• Brief: Find every line below with the word "Side" in it, and copy each one.

BEGIN Data provided

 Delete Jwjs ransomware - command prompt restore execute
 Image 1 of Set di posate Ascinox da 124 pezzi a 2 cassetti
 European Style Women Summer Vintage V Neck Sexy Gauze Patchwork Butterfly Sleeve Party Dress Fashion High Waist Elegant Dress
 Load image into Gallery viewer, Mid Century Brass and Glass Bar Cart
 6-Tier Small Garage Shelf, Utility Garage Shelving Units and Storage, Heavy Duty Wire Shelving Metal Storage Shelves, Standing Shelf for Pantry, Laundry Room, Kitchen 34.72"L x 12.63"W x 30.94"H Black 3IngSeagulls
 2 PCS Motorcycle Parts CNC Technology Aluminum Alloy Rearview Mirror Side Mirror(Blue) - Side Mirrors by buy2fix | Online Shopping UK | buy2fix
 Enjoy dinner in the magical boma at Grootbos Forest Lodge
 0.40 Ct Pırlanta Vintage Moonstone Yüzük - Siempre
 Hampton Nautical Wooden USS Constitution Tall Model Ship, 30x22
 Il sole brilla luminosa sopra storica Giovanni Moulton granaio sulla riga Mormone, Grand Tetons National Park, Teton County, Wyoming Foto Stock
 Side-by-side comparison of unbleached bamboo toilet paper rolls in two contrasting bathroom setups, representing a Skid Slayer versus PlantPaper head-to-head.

END Data provided

• Task output:
 2 PCS Motorcycle Parts CNC Technology Aluminum Alloy Rearview Mirror Side Mirror(Blue) - Side Mirrors by buy2fix | Online Shopping UK | buy2fix
 Side-by-side comparison of unbleached bamboo toilet paper rolls in two contrasting bathroom setups, representing a Skid Slayer versus PlantPaper head-to-head.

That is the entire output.